Indeed, Open MPI v1.3.x will warn you if you create a child process
after MPI_INIT when using OpenFabrics networks.

On May 18, 2009, at 5:05 PM, Noam Bernstein wrote:

> Hi all - I have a bizarre OpenMPI hanging problem. I'm running an MPI
> code
> called CP2K (related to, but not the same as cpmd). The complications
> of the
> software aside, here are the observations:
>
> At the base is a serial code that uses system() calls to repeatedly
> invoke
> mpirun cp2k.popt.
> When I run from my NFS mounted home directory, everything appears to
> be
> fine. When I run from a scratch directory local to each node, it
> hangs on
> the _third_ invokation of CP2K (the 1st and 3rd invokations do
> computationally
> expensive stuff, the 2nd uses the code in a different mode which does
> a rather
> different and quicker computation). These behaviors are quite
> repeatable.
> Run from NFS mounted home dir - no problem. Run from node-local
> scratch
> directory - hang. Hang is always in the same place (as far as the
> output of
> the code, anyway).
>
> The underlying system is Linux with a 2.6.18-128.1.6.el5 kernel
> (CentOS 5.3)
> on a dual single core Opteron system with Mellanox Infiniband SDR
> cards.
> One note of caution is that I'm running OFED 1.4.1-rc4, because I need
> 1.4.1
> for compatibility with this kernel as far as I can tell.
>
> The code is complicated, the input files are big and lead to long
> computation
> times, so I don't think I'll be able to make a simple test case.
> Instead
> I attached to the hanging processes (all 8 of them) with gdb
> during the hang.
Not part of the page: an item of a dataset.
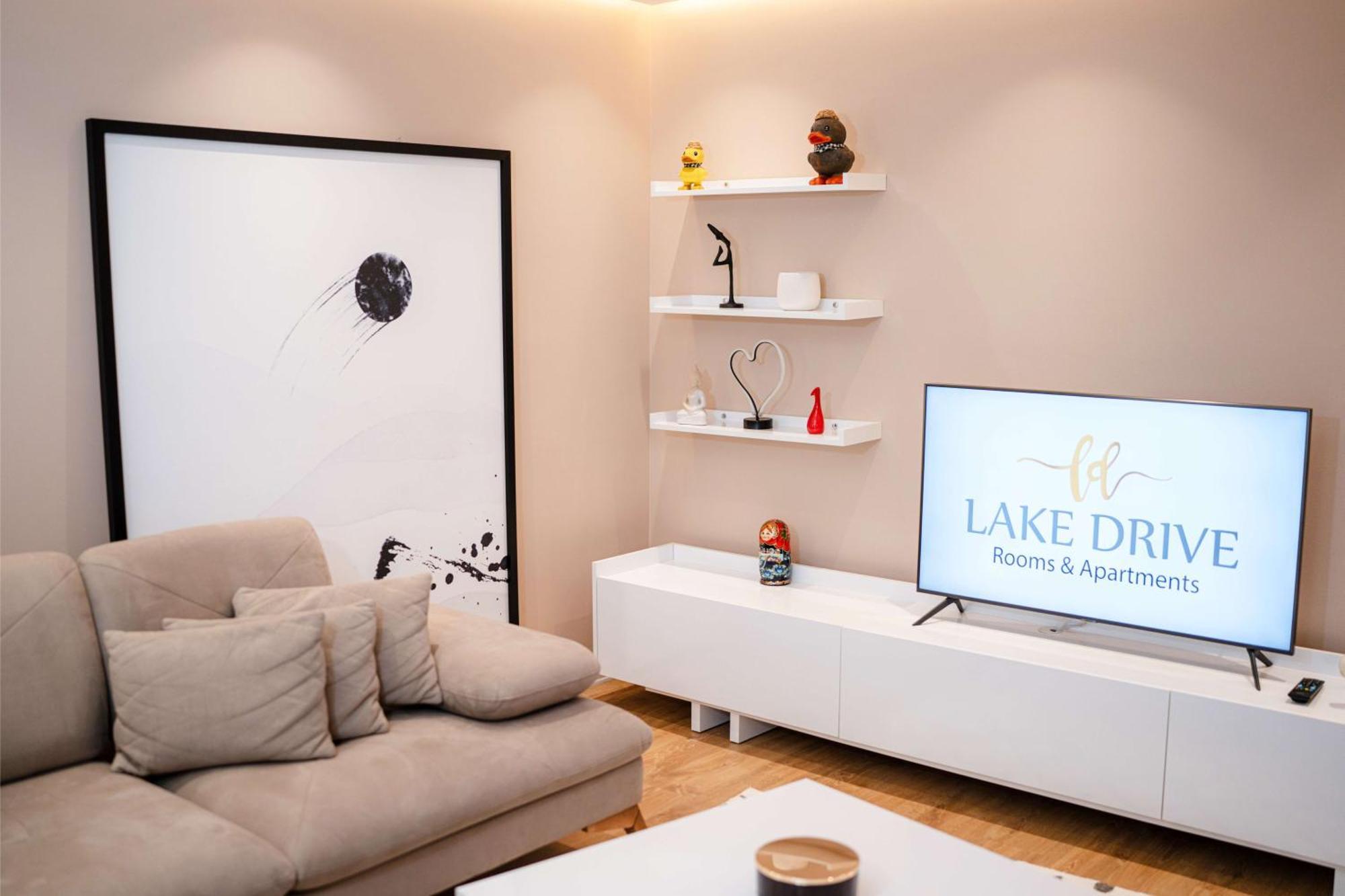 טיראנה Lake Drive Rooms&Apartments מראה חיצוני תמונה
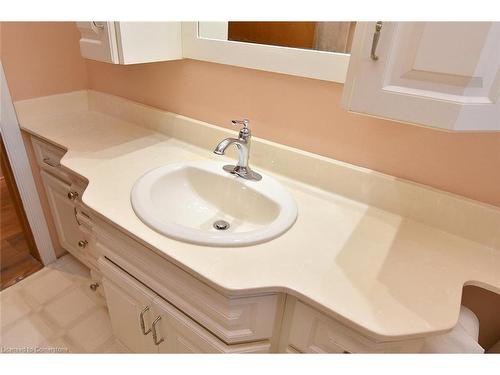 44 Mercer Street, Dundas, ON - Indoor Photo Showing Bathroom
The stack trace is below. Nodes seem to spend
> most of
> their time in the btl_openib_component_progress(), and occasionally
> in
> mca_pml_ob1_progress(). I.e. not completely stuck, but not making
> progress.
>
> Does anyone have any ideas what could be wrong?
>
> Noam
>
> P.S. I get a similar hang with MVAPICH, in a nearby but different part
> of the
> code (on an MPI_Bcast, specifically), increasing my tendency to
> believe
> that it's OFED's fault. But maybe the stack trace will suggest to
> someone
> where it might be stuck, and therefore perhaps an mca flag to try?
>
>
> #0 0x00002ac2d19d7733 in btl_openib_component_progress () from /
> share/
> apps/mpi/openmpi-1.3.2/intel-11.0.083/lib/openmpi/mca_btl_openib.so
> #1 0x00002ac2cdd4daea in opal_progress () from /share/apps/mpi/
> openmpi-1.3.2/intel-11.0.083/lib/libopen-pal.so.0
> #2 0x00002ac2cd887e55 in ompi_request_default_wait_all () from /
> share/
> apps/mpi/openmpi-1.3.2/intel-11.0.083/lib/libmpi.so.0
> #3 0x00002ac2d2eb544f in
> ompi_coll_tuned_allreduce_intra_recursivedoubling () from /share/apps/
> mpi/openmpi-1.3.2/intel-11.0.083/lib/openmpi/mca_coll_tuned.so
> #4 0x00002ac2cd89b867 in PMPI_Allreduce () from /share/apps/mpi/
> openmpi-1.3.2/intel-11.0.083/lib/libmpi.so.0
> #5 0x00002ac2cd6429b5 in pmpi_allreduce__ () from /share/apps/mpi/
> openmpi-1.3.2/intel-11.0.083/lib/libmpi_f77.so.0
> #6 0x000000000077e7db in message_passing_mp_mp_sum_r1_ ()
> #7 0x0000000000be67dd in
> sparse_matrix_types_mp_cp_sm_sm_trace_scalar_ ()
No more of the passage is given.